Source material:
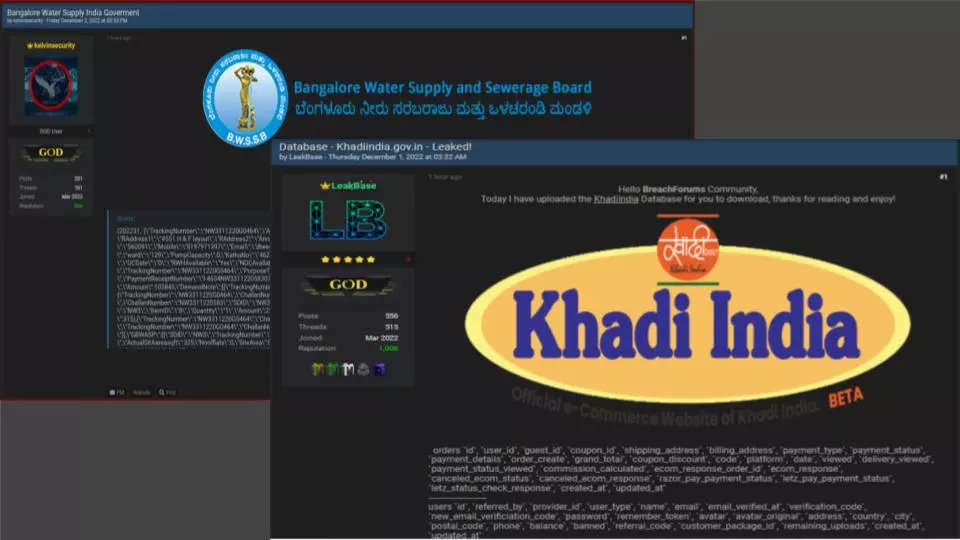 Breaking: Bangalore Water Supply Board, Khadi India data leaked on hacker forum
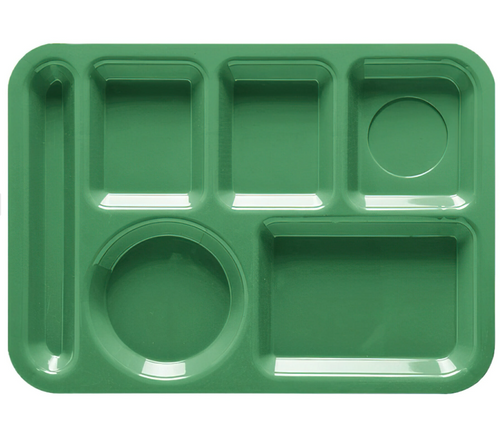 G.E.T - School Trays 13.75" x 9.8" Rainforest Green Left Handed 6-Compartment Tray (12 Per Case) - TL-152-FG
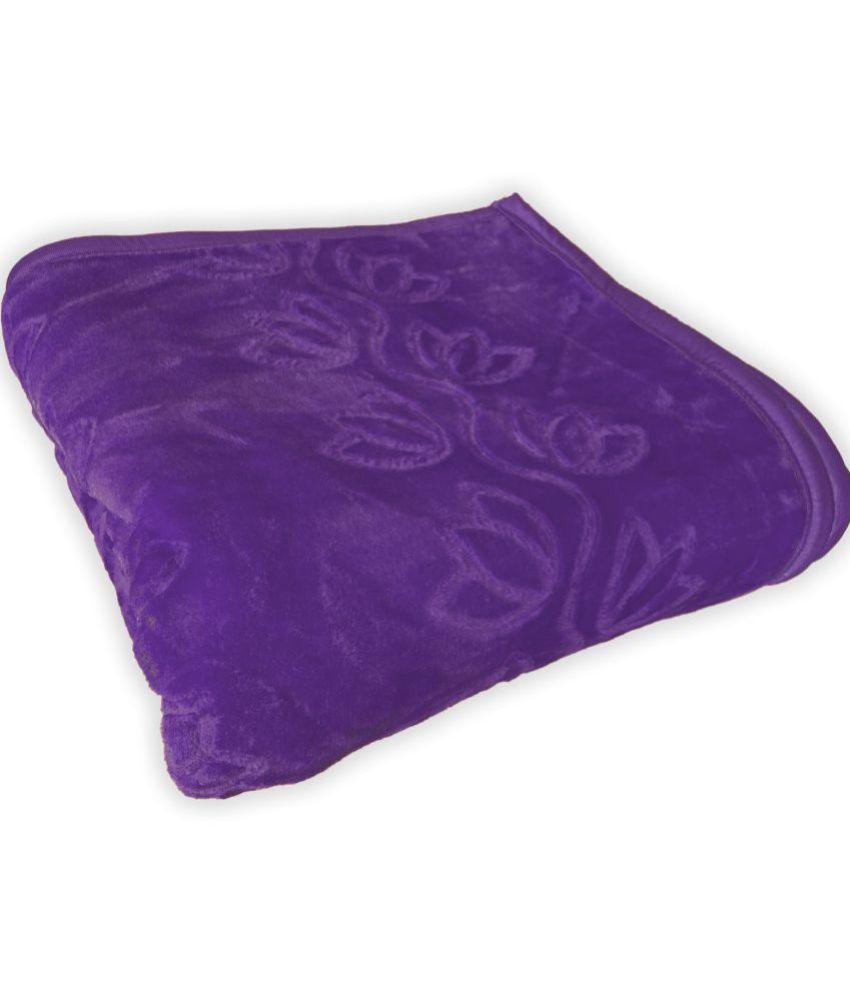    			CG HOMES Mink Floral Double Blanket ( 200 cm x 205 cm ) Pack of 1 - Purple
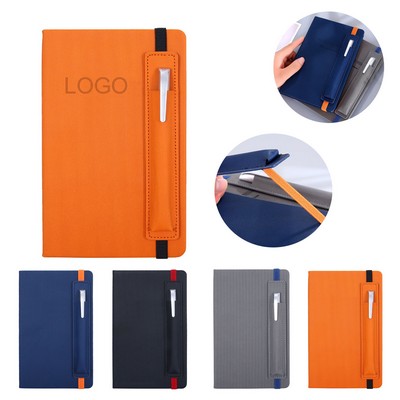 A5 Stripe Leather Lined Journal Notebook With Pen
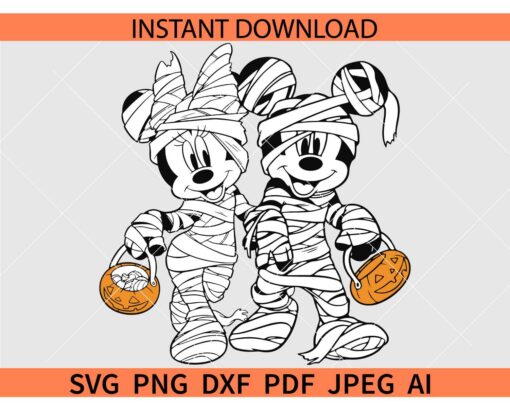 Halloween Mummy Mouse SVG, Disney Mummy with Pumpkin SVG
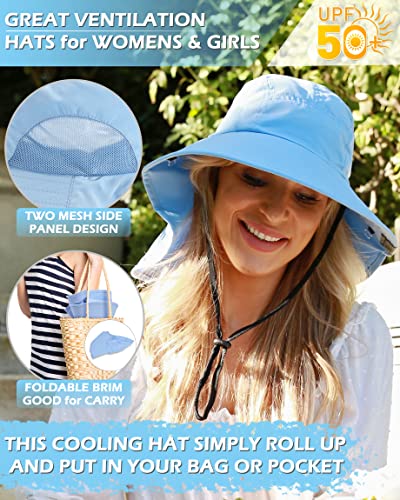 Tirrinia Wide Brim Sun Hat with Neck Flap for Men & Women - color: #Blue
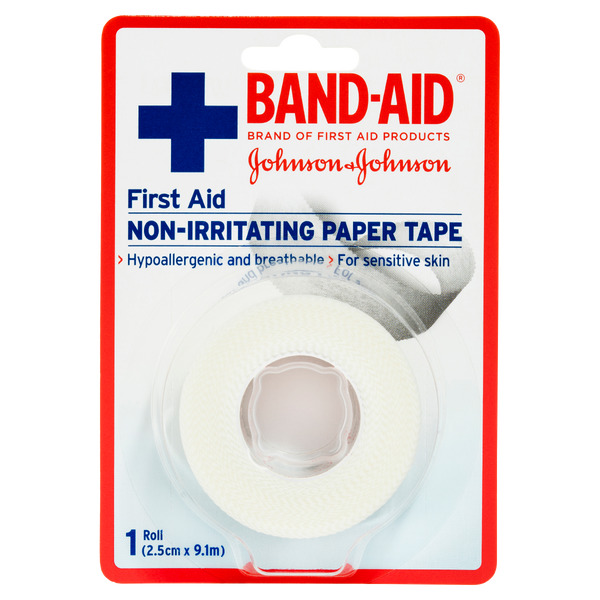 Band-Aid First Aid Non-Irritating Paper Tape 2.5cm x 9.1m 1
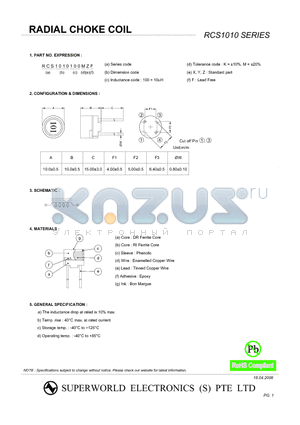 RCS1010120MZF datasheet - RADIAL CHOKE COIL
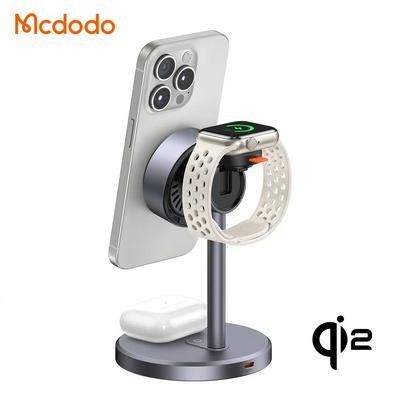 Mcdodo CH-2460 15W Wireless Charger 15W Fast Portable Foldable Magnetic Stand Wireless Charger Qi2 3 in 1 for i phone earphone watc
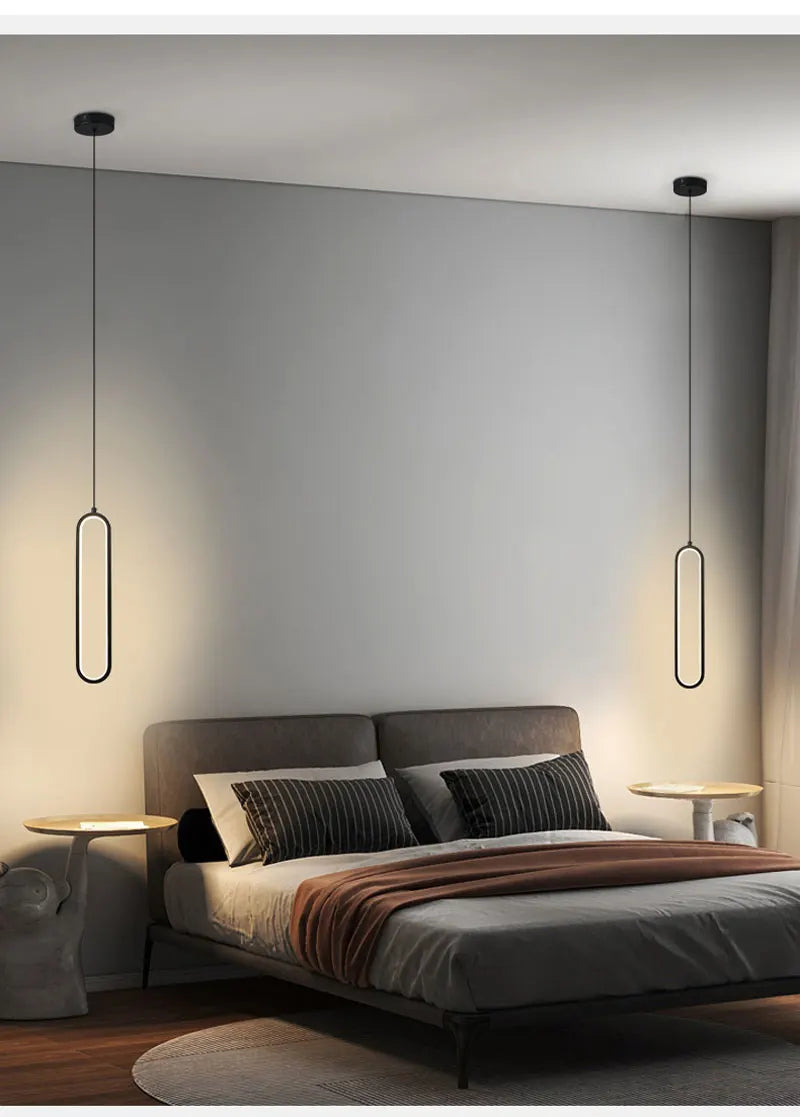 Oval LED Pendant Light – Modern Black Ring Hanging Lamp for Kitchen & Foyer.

Exercise directions:
When you reach the line containing "CG HOMES Mink" in the entries above, begin restating word for word, and stop once the line containing "Tirrinia Wide Brim" has been given. Omit the pictures.

Answer area:
    			CG HOMES Mink Floral Double Blanket ( 200 cm x 205 cm ) Pack of 1 - Purple
 A5 Stripe Leather Lined Journal Notebook With Pen
 Halloween Mummy Mouse SVG, Disney Mummy with Pumpkin SVG
 Tirrinia Wide Brim Sun Hat with Neck Flap for Men & Women - color: #Blue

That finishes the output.